Article citation information:

Bănică, M.V., Rădoi, A., Pârvu, P.V. Onboard visual tracking for UAV’s. Scientific Journal of Silesian University of Technology. Series Transport. 2019, 105, 35-48. ISSN: 0209-3324. DOI: https://doi.org/10.20858/sjsutst.2019.105.4.

 

 

Marian Valentin BĂNICĂ[1], Anamaria RĂDOI[2], Petrișor Valentin PÂRVU[3]

 

 

 

ONBOARD VISUAL TRACKING FOR UAV’S

 

Summary. Target tracking is one of the most common research themes in Computer vision. Ideally, a tracking algorithm will only once receive information about the target to be tracked and will be fast enough to identify the target in the remaining frames, including when its location changes substantially from one frame to another. In addition, if the target disappears from the area of interest, the algorithm should be able to re-identify the desired target.

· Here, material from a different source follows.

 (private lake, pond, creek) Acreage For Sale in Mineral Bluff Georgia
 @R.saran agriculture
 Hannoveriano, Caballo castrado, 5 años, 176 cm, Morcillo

Target tracking was done using a drone with a Jetson TX2 computer onboard. The program runs at the drone level without the need for data processing on another device. Cameras were attached to the drones using a gimbal that maintains a fixed shooting angle. Target tracking was accomplished by placing it in the centre of the image with the drone constantly adjusting to keep the target properly framed. To start tracking, a human operator must fit the target he wishes to follow in a frame. The functionality of this system is excellent for remote monitoring of targets.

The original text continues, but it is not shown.